Exercise objective ->
When you reach the line that contains "ベッドアンドブレックファースト Bed En", begin copying exactly, and continue through the last line of the data; no pictures belong in the copy.

Task inputs section start

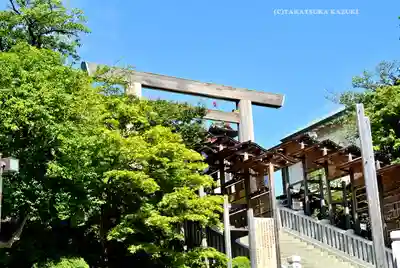 伊勢山皇大神宮の鳥居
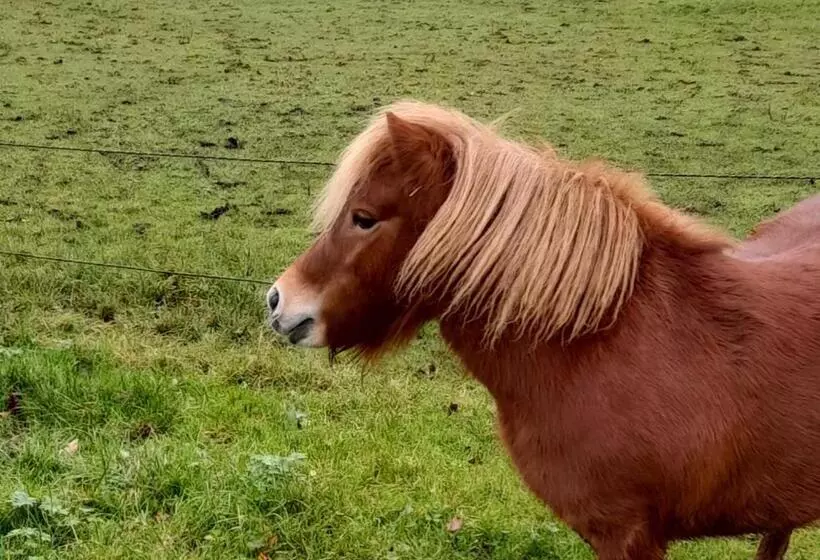 ベッドアンドブレックファースト Bed En Breakfast The Wooden Wall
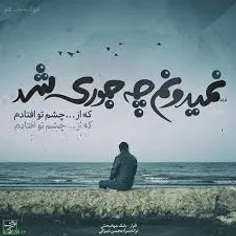 کنارم خیلی ها هستند اما دلم پیش تو آرام است🚩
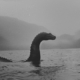 Hey NASA, Nessie on Line One! The Loch Ness Centre in the Scottish highlands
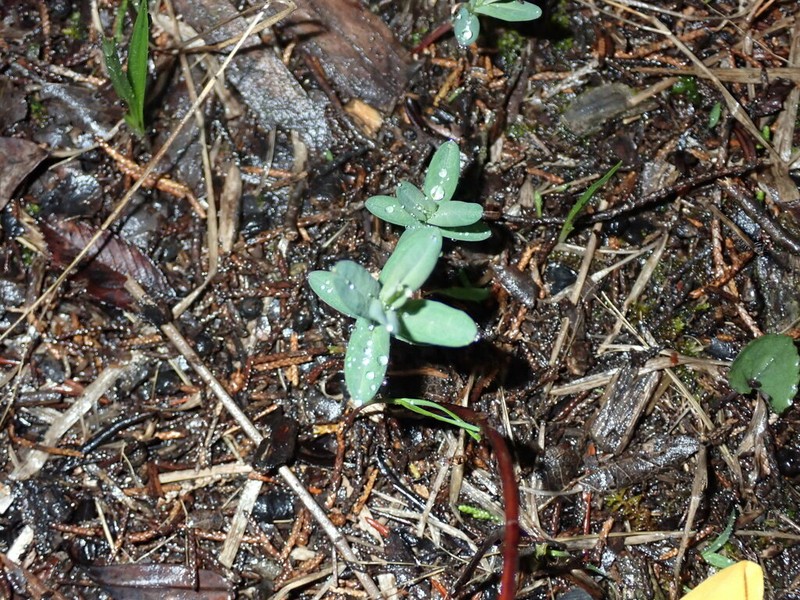 Straggling St. Johnswort photo 2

Task inputs section end

Response box ->
 ベッドアンドブレックファースト Bed En Breakfast The Wooden Wall
 کنارم خیلی ها هستند اما دلم پیش تو آرام است🚩
 Hey NASA, Nessie on Line One! The Loch Ness Centre in the Scottish highlands
 Straggling St. Johnswort photo 2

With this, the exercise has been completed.